This is odd because the collection includes not just work by Anderson on the prequel stuff to the originally published Tales of the Jedi, but the work by Tom Veitch as well. Anderson's pieces about Naga Sadow and the background of the Sith people was meant to flesh out Veitch's original work in which the characters are only referenced. The Veitch stuff is much better than Anderson's work, both in imagination and in quality of writing.
Four thousand years before the birth of Luke Skywalker, the galaxy was a different place. There were thousands of Jedi spread across a fledgling Republic and planets of Sith organized in an expansionist Empire that frequently brushed against each other. The philosophies of both sides are not as well fleshed out as what we're used to and a lot of this world reads like a sword and sorcery type of epic where Sith lords wield Dark Side magic and lightsabers had ornate bone-like hilts hooked up to battery packs. What Veitch and company do successfully is re-imagine a more primitive galaxy. Hyperspace lanes have yet to be tamed, worlds are still unknown and it feels like species are just getting to know one another and work out how they're going to live together. Hidden on new worlds are unique cultures with their own traditions of Force use, good and bad, that have yet to be incorporated into a coherent and dogmatic doctrine.

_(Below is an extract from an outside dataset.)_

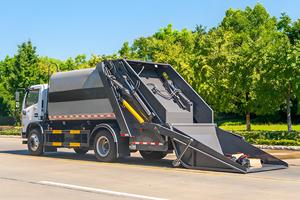รถบรรทุกอัดขยะ Dongfeng D7 10.5 ลูกบาศก์เมตร รถบรรทุกอัดขยะแบบใหม่ ผู้ผลิตจากจีน พร้อมคู่มือรถบรรทุกอัดขยะ กำลังไฟ 110 กิโลวัตต์ - Product Image 3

The writing isn't horrific, but is filled with usual comic-ese. Lots of explanation points for sentences that seem more like statements! and the obligatory "Let me explain what I'm doing in my dialogue because the panel isn't exactly clear." This is less a story about empire and epic space opera conquest than it is an adventure story, and enjoyable one at that. It also fills in gaping holes in the EU mythology explaining the back story of famous historical names dropped in other stories and brings them to life.